Predicting Pitching Performance

Image-1Noah Syndergaard made his Major League debut last year for the New York Mets and made an immediate impact (3.24 ERA and 9.96 K/9). While his 9-7 record may not have been overly impressive, there were signs this was only the beginning. Now, Syndergaard has multiple National League player of the week awards and is one of the more reliable hurlers in the game.

But not every pitcher lives up to predictions. How can someone better determine which pitchers will become successful the following season? One of the more intriguing presentations concerning the future of baseball predictions involved creating a pitcher projection system based upon Pitch F/X (to read the paper and/or watch the presentation, click
here). The traditional ways to gauge a successful pitcher do not always perform well when forecasting how he'll do the following year. According to this research, if next season's Earned Run Average (or Runs Averaged/9 innings) is regressed onto one of these traditional metrics, here are the following R^2:

Metric R^2
K% 0.67
SIERA 0.52
xFIP 0.46
BB% 0.45
FIP 0.35
HR% 0.18
ERA 0.14
BABIP 0.04

Strikeout percentage is the most successful traditional metric when determining future success. Here are the top ten pitchers in K% in 2015:

  1. Clayton Kershaw (33.82%)
  2. Chris Sale (32.08%)
  3. Max Scherzer (30.7%)
  4. Carlos Carrasco (29.59%)
  5. Chris Archer (29.03%)
  6. Corey Kluber (27.65%)
  7. Jacob deGrom (27.03%)
  8. Jake Arrieta (27.13%)
  9. Madison Bumgarner (26.93%)
  10. Francisco Liriano (26.52%)

MLB is through 1/4 of the 2016 season. As it stands, here are the top ten pitchers in K% this year:

  1. Jose Fernandez (35.9%)
  2. Clayton Kershaw (33.7%)
  3. Noah Syndergaard (32.6%)
  4. Max Scherzer (31.5%)
  5. Stephen Strasburg (30.9%)
  6. Danny Salazar (30.3%)
  7. David Price (29.4%)
  8. Vincent Velasquez (28.8%)
  9. Drew Smyly (28.4%)
  10. Drew Pomeranz (28.3%)

While many on the 2015 list currently rank just outside of the top ten this year, it shows two things: the difficulty of predicting pitcher success given any traditional metric and it shows just how consistently dominant Clayton Kershaw and Max Scherzer really are.

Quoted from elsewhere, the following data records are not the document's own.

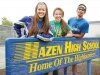 Hazen Junior Class Officers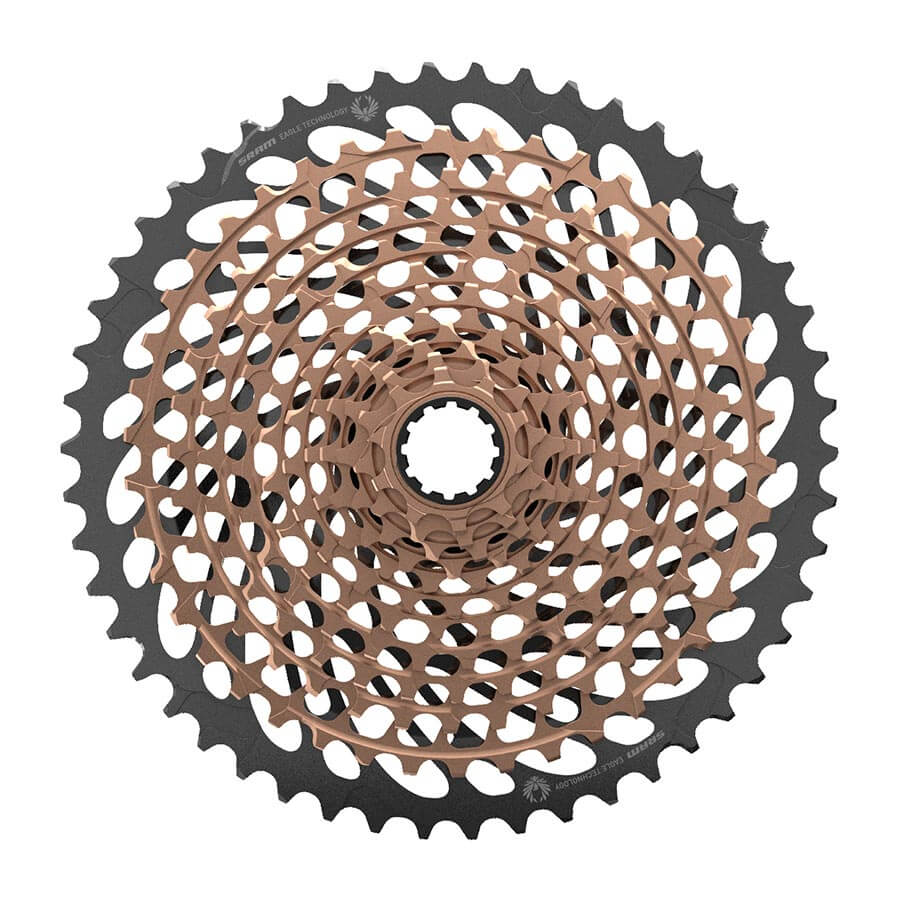 SRAM XG-1299 XX1 Eagle Cassette, Range 10-50T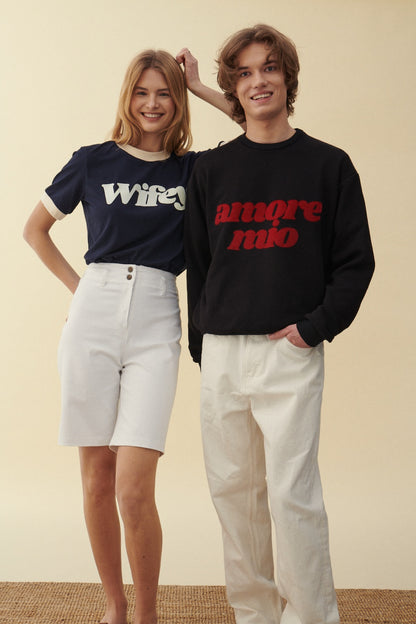 T-SHIRT WIFEY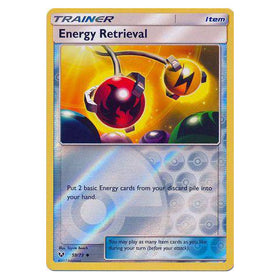 Energy Retrieval : SHINING LEGENDS (Reverse holo) - 59/73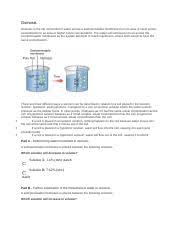 An animal cell placed in a hypotonic solution will undergo which of the following effects. If A Cell Is Placed In A Hypotonic Solution Water Will Flow Into The Cell Course Hero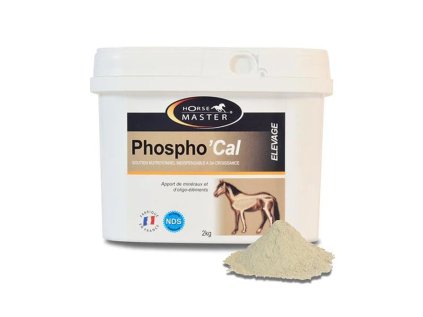 HORSE MASTER Phospho´cal 2kg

This paper discussed combining the aforementioned statistics with Arsenal/Zone rating. This metric uses PitchF/X data which tracks the speed, movement and placement of every pitch relative to the strike zone. The idea is, with more data about the specifics of each pitch a pitcher throws, the pitch sequence and which pitches are most sustainable over time, it will be easier to predict success the following season.

Data scientists should always be careful about having too much data because of overfitting. In other words, too much data and too many variables mean watering down the prediction to where it is hard to find actual trends that are meaningful. Still, this is an intriguing paper and hopefully this Arsenal/Zone rating can be more readily available to baseball fans but in an easily digestible way.